Parbati Sankar Roy Choudhury (Rai Parvatisankara Chaudhuri), (1853–1918) was the zamindar of Teota (now in Manikganj District, Bangladesh) and a philanthropic landholder.

== Early life ==
Choudhury was born in 1853, and was the elder son of Joy Sankar Choudhuri of the Teota zamindars, who were one of the well-known zamindars of Bengal. Their ancestral surname was Dasgupta (Dash-sharma). He studied at the Hindu School, Kolkata but never completed his education as he was managing the zamidari estate.

== Career ==
Sankar was an active member of the British Indian Association, the Indian Association, the Indian National Congress, and the Dacca district board. He was also one of the founders of the Indian Industrial Association, which was set up to promote the material and economic development of the region. As part of the economic reconstruction programme, Parbati Sankar attempted to make use of the material raw resources available within the Teota zamindari (in Goalondo, Faridpur and elsewhere). His name is also associated with the formulation of a concrete and detailed plan (1890s) of extension of the railways to Manikganj, linking it up with the town of Dacca on the east and the river port of Goalando on the west.

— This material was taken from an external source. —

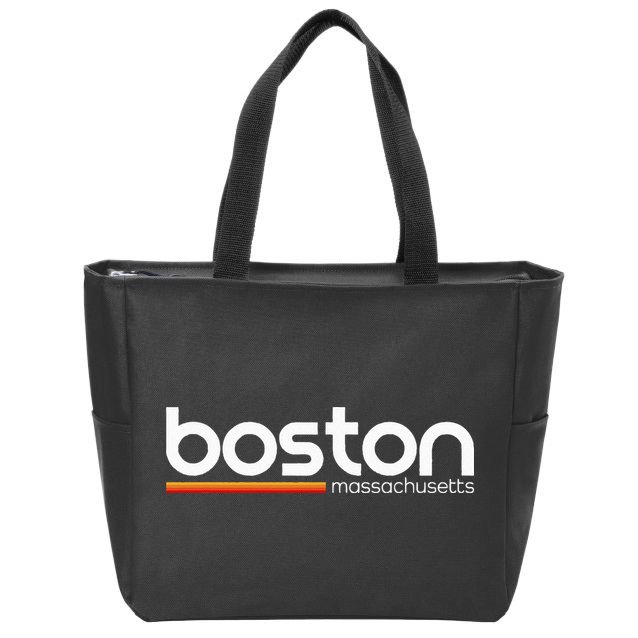 Boston Massachusetts Souvenir Vintage Massachusetts Boston Zip Tote Bag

Sankar is best remembered, however, for pioneering the 'dharmagola' system of co-operative grain banking, intended to alleviate scarcity and resulting famine. He founded the grain banks with his cousin Raja Shyama Sankar Ray. 'Dharmagolas' or grain banks were established at various places within the Teota Estate and elsewhere in Dinajpur and the system was a success. These grain banks were registered as formal co-operative societies in the second decade of the 20th century. Parbati Sankar wrote a number of articles in which he not only outlined the basic features of the 'dharmagola' system, but also clearly brought out its many virtues and advantages. He spoke on the "Indebtedness of the Bengal peasantry" at an annual session of the Congress (INC) in the early 1900s. He was a member of the Dhaka District Board. He had attempted to convince the British colonial administration of the importance creating a rail line from Dhaka to Manikganj unsuccessfully.

== Death ==
Sankar was honoured with the Kaisar-i-Hind Medal in 1912. He died in Calcutta in 1918.